The results of previous studies regarding the effects of the ADIPOQ rs2241766 polymorphism on susceptibility to DKD remain inconclusive. In a study among patients with T2DM, the GG genotype of the rs2241766 polymorphism was found to be significantly associated with the risk of DKD after adjusting for confounding factors [16]. In a study among Taiwanese individuals by Chung et al., the SNP was also observed to participate in the progression of DKD in TT vs. GT+GG, GG/GT/TT, and allele T vs. allele G models among male subjects [15]. Another study among an Egyptian population also suggested a similar correlation of the SNP with DKD susceptibility [14]. In contrast, Ma et al. found no independent role of rs2241766 in nephropathy development among Swedish Caucasians [22], and three other studies by Sikka et al., Peng et al., and Rudofsky et al. obtained similar results [13, 17, 23].

There are several possible reasons for the above controversy. First, subjects recruited by the above studies belonged to different ethnic groups.
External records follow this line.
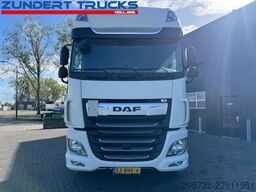 DAF XF 450 SUPERSPACECAB, STANDCLIMA, 2 TANKS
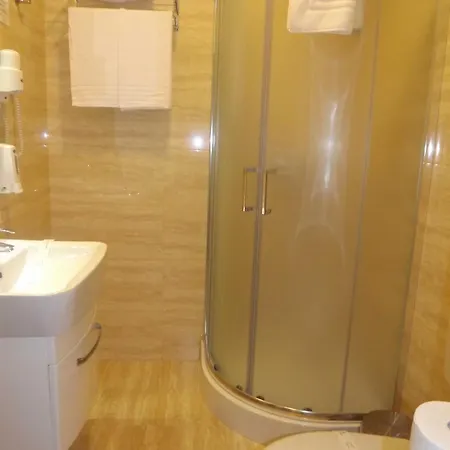 Hotel West Plaza Bukarest
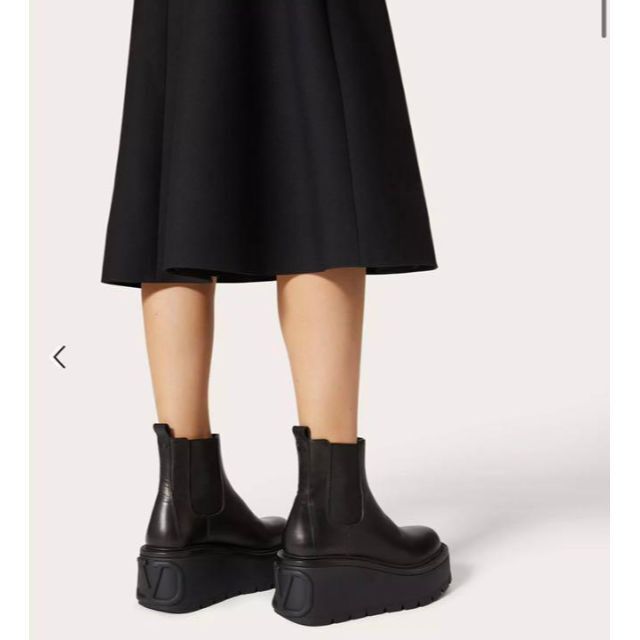美品 valentino ショートブーツ 37ハーフ セール商品 www.atre61.fr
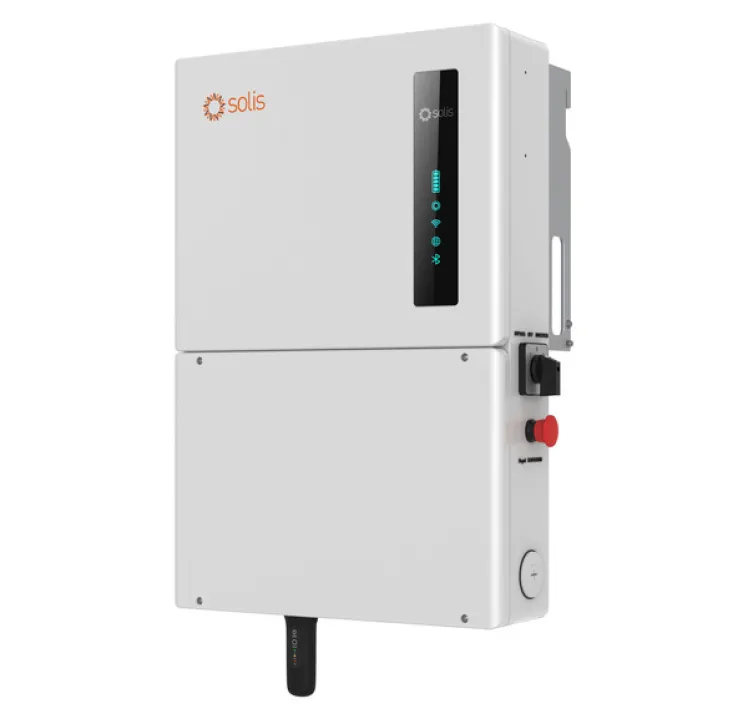 Solis 3.8kW Single Phase Hybrid Inverter w/2 MPPT & Tigo Transmitter, S6-EH1P3.8K-H-US-RSS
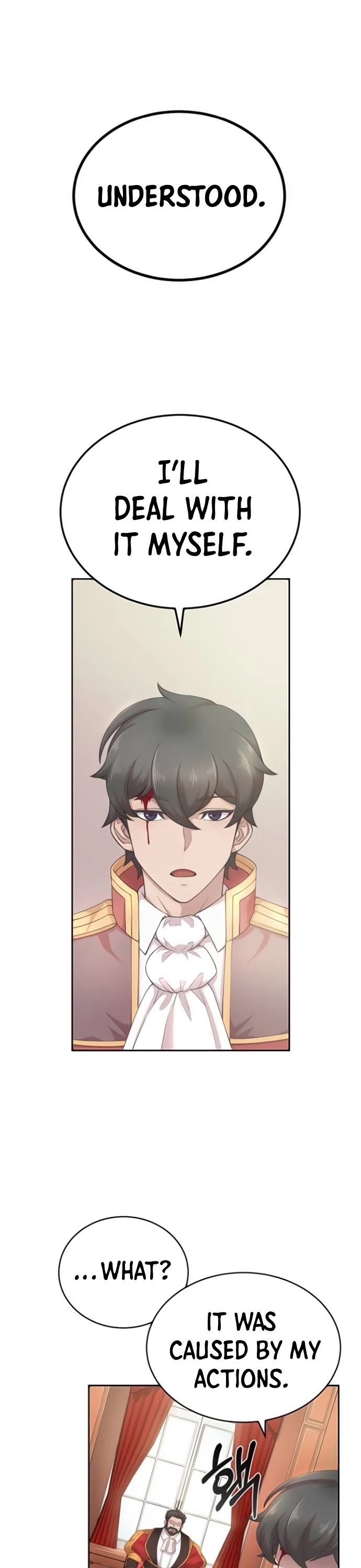 The Heavenly Demon Can't Live a Normal Life Chapter 2 page 47 - Chapter 2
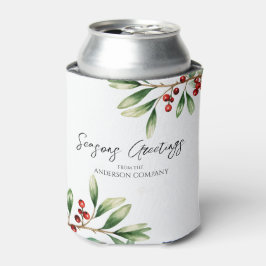 Company Holiday Party Blikjeskoeler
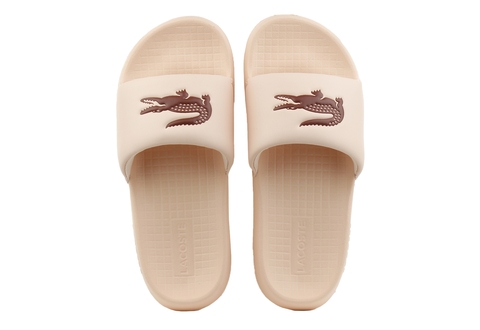 Lacoste Natikači Serve Slide 1.0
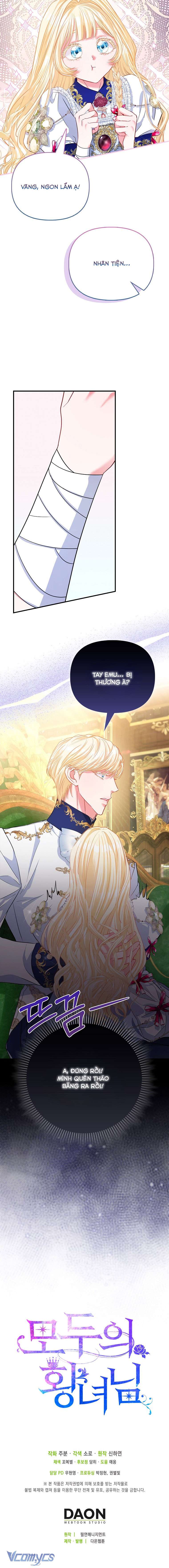 Nàng Công Chúa Của Mọi Người Chapter 35 - Trang 4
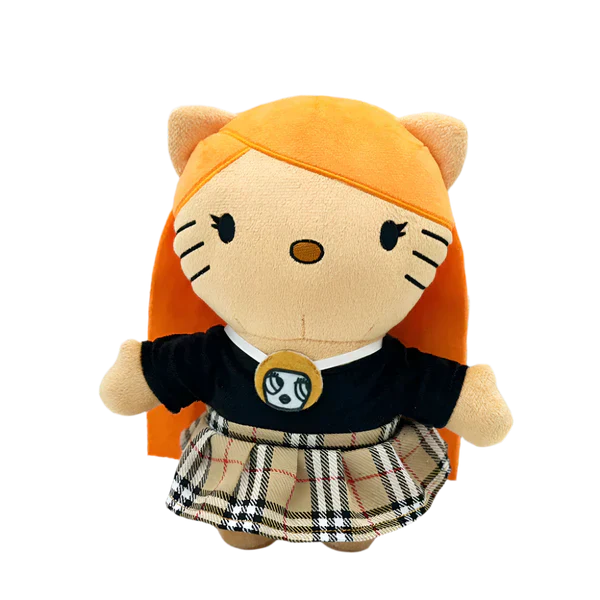 Ice Spice's Fat Babi Plushi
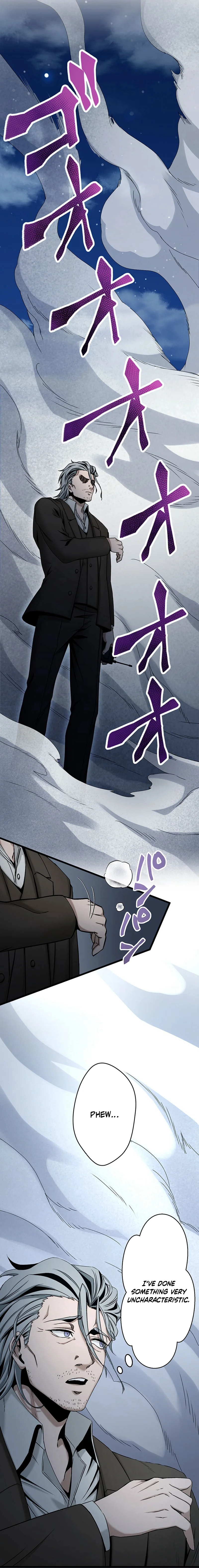 Musou no Jukunen Hitman wa, Musume Tachi to Shizuka ni Kurashitai Chapter 17 — Page 21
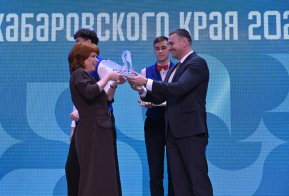 Дмитрий Демешин назвал имя лучшего учителя Хабаровского края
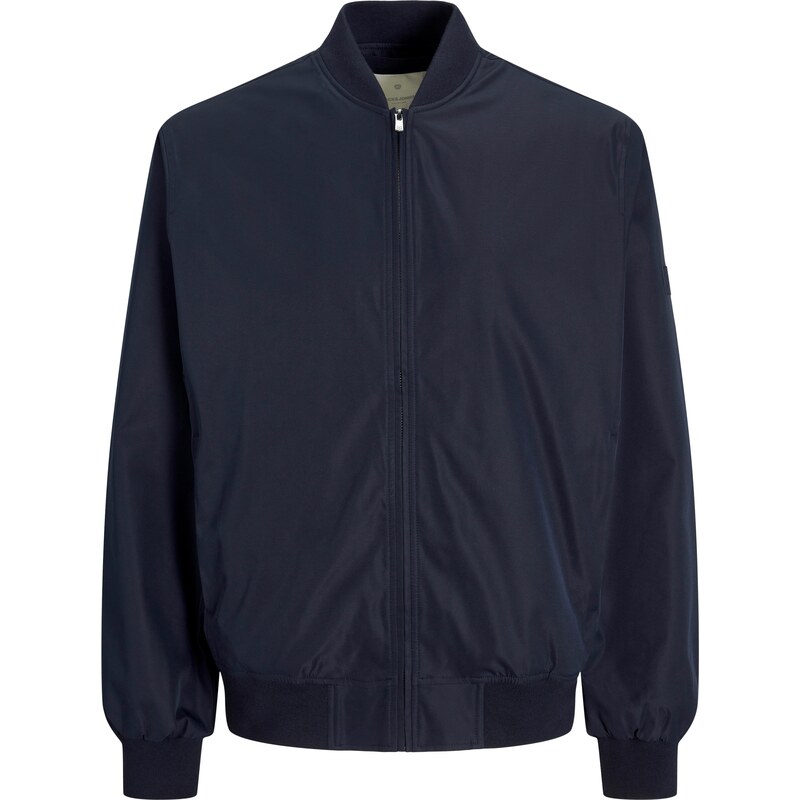 JACK & JONES Prechodná bunda JPRCCbane námornícka modrá 61948094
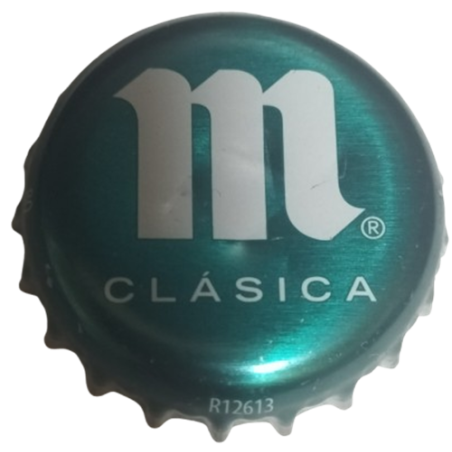 ESPAÑA (ES) Cerveza Mahou S.A. --R12613 BO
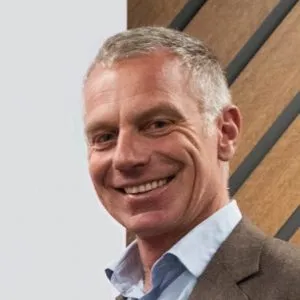 Portrait of Stefan Armbruster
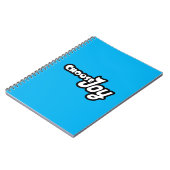 Kies Joy Notitieboek (Linkerzijde)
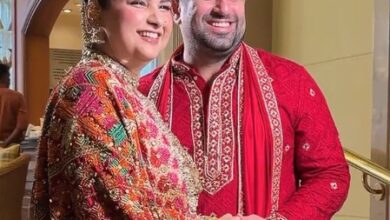 Anshula Kapoor gets emotional ahead of first Karwa Chauth with husband Rohan, shares unseen wedding memories Anshula Kapoor gets emotional ahead of first Karwa Chauth with husband Rohan, shares unseen wedding memories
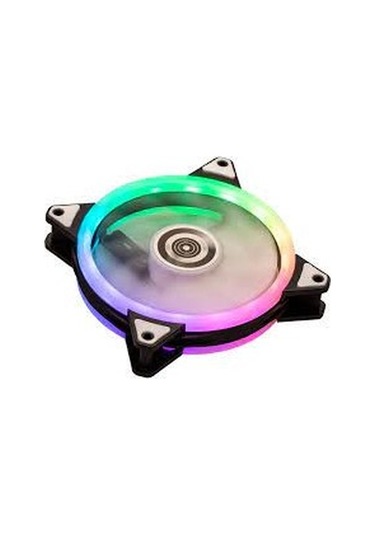 Performax Aurora Rgb 120Mm Kumandalı Üçlü Fan Kiti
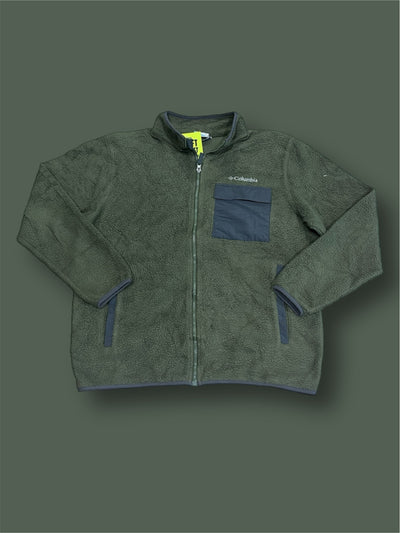 Giacca Columbia full zip vintage tg L Thriftmarket BAD PEOPLE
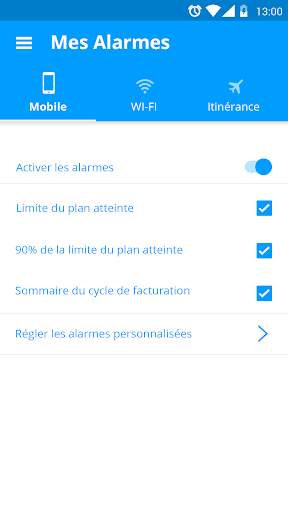 My Data Manager screenshot 4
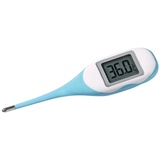 Kerbl 2130 Fieberthermometer Kontakt-Thermometer Blau, Weiß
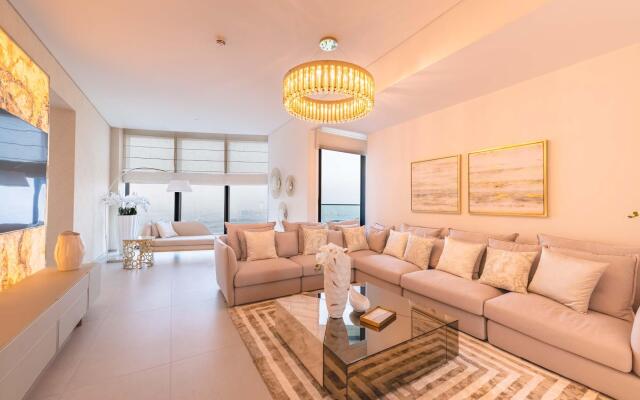 Address JBR - 5504 in Dubai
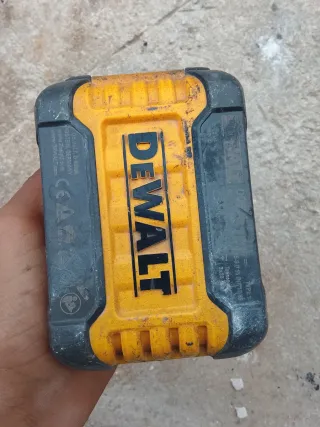 Batería Dewalt XR FlexVolt 18V/54V 6Ah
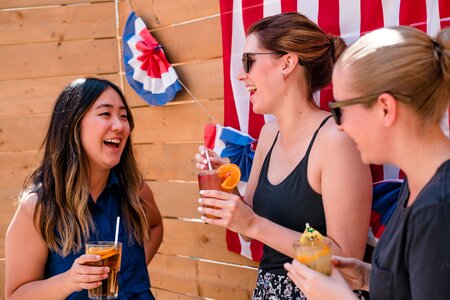 American Women Cheers photo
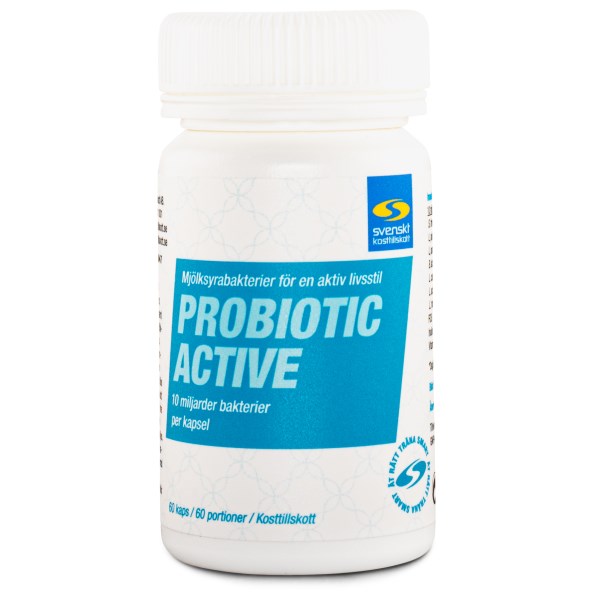 Probiotic Active 60 kaps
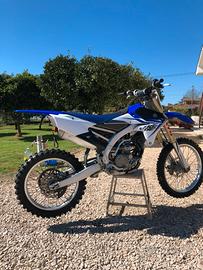 Yamaha YZF 250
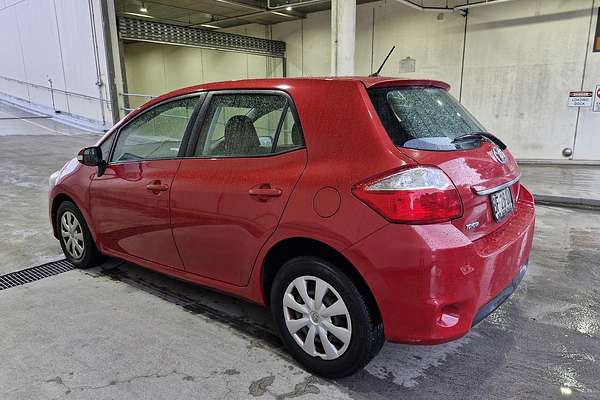 2010 Toyota Corolla Ascent ZRE152R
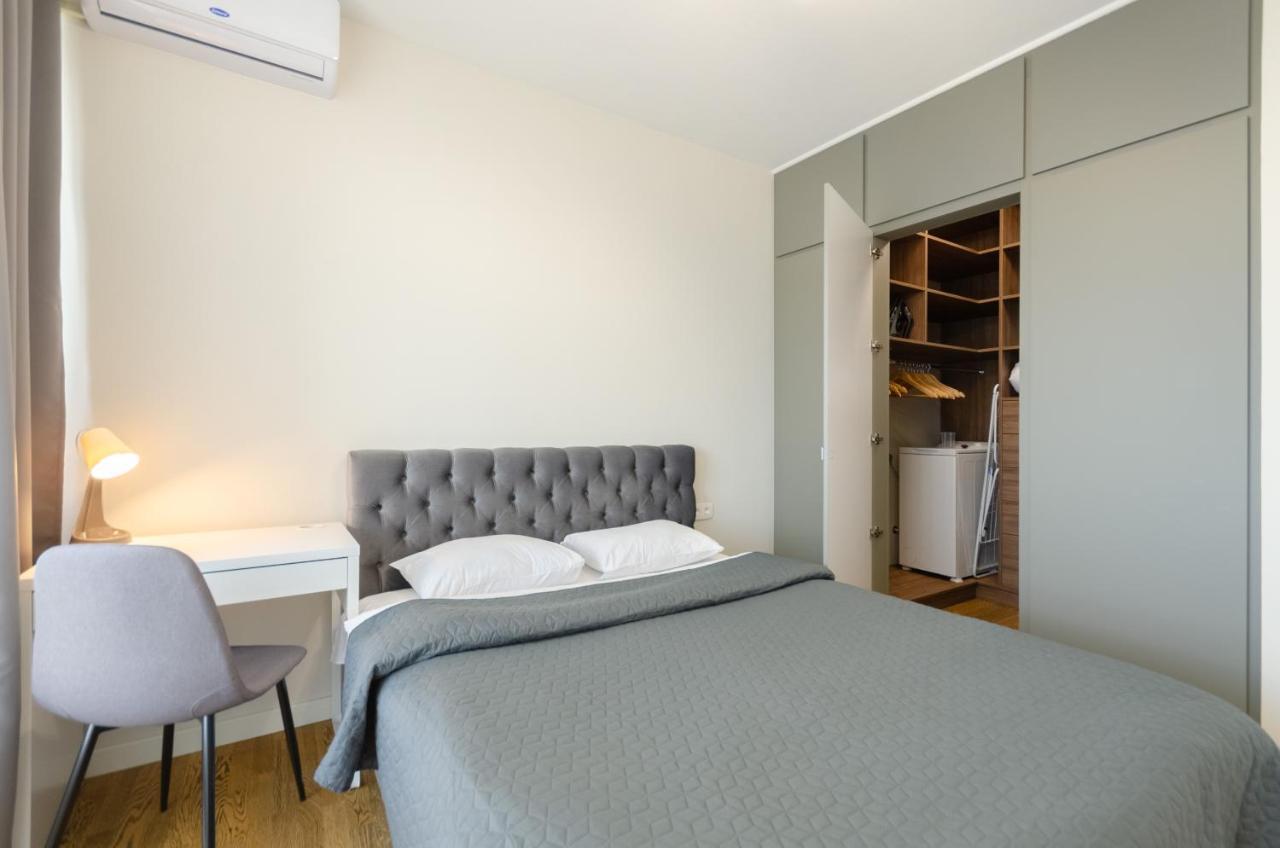 Petrovdom Apartments 220-126-226 In Rc Hofman House, 34 Zolotoustivska Street كييف المظهر الخارجي الصورة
Second, confounding exogenous factors such as age, sex, and lifestyle factors were not adjusted in all studies. Third, the limited number of study participants might reduce the authoritativeness of some study results. Of course, some meta-analyses related to our studied topic have already been performed, such as the one by Lin et al. [33] and one by Cai et al. [34]. However, the meta-analysis by Lin and colleagues only included 7 articles describing 9 independent studies on our studied polymorphism, while we included 14 eligible studies from 11 papers. The meta-analysis by Cai and colleagues was only related to DKD in type 2 diabetes patients.

Compared to the above studies, our meta-analysis has many advantages, such as a relatively larger sample size. However, some limitations of the present study should also be mentioned. To begin with, unpublished studies with null results were not included in this meta-analysis, thus possibly introducing certain publication bias, though this bias was not significant. Next, the number of studies for stratification analyses was relatively small, thus affecting the comprehensiveness of the conclusions. Finally, possible interactions of our studied SNP with other relevant factors were not analyzed owing to limited information.

5. Conclusion

Overall, the present meta-analysis indicated that the ADIPOQ rs2241766 polymorphism might be related to an increased risk of DKD occurrence, which was more evident in Caucasian and African populations as well as among T2DM patients. In view of the abovementioned limitations, these results need to be further verified in the future by studies with larger sample sizes.